Dobie freshman, sophomores, and juniors tackled the Preliminary Scholastic Aptitude Test, or less intimidatingly known as the PSAT, Oct. 10 on both campuses. 

The PSAT is taken nationwide as preparation for the SAT, the standardized college admission test. Although the PSAT does not count for admission, it is the qualification test for the National Merit Scholarship, making it  potentially vital to future success.

“I think it is crucial because it is the first test you will take before many other similar standardized tests in your career.” said Counselor Teresa Jack. “If you want to be a lawyer you take the LSAT, if you want to be a doctor you take the USMLE, and any other career path has its own test, so it’s important you get exposed to the format.”

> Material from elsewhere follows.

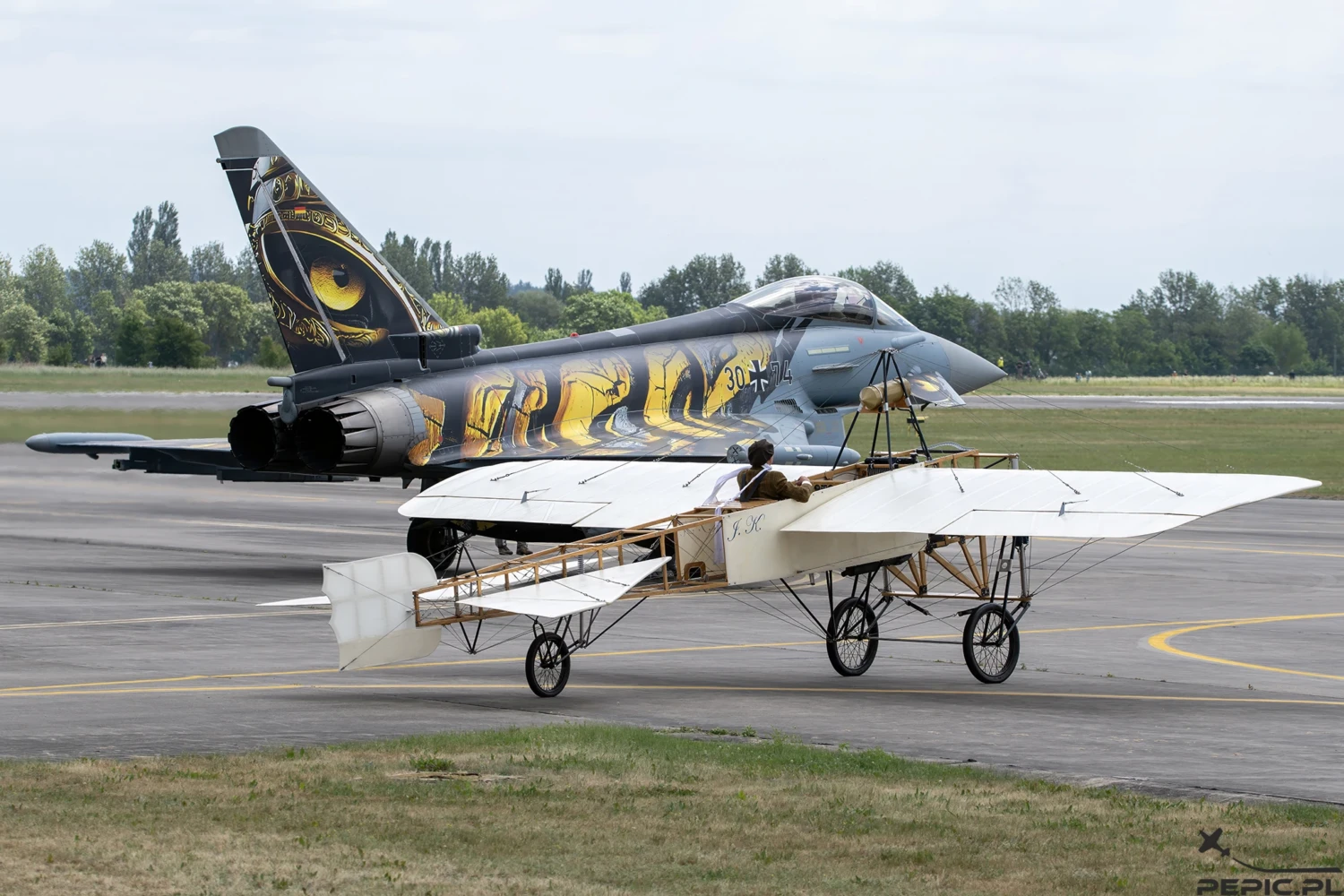 Aviatická pouť 30.05.2026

The PSAT tests a broad range of reading, writing, and math skills through timed sections. For example, the reading section may give the student 60 minutes to answer 47 questions. This fast paced test is challenging for many students.

 “The most difficult part of the PSAT for me is actually answering all the questions before time runs out,” said junior Oscar Velasquez.”

The school has several resources to prepare for both the PSAT and SAT, including test prep courses and online and physical test books.

Dobie also endorses Khan Academy, an education website, for preparation for the exam.

“I use Khan Academy,” said Emily Reyes. “I like how accessible it is and the format of its questions lets me familiarize myself with what I could encounter later.”

In most schools throughout the country, students must register and pay a fee to take the PSAT. For a number of years, Pasadena Independent School District has decided to administer the test for free to every student in hopes of fostering further future success.

 “I hope every student takes an advantage of this opportunity,” said Ms. Jack. “It is not normal for schools to give the exam for everyone.”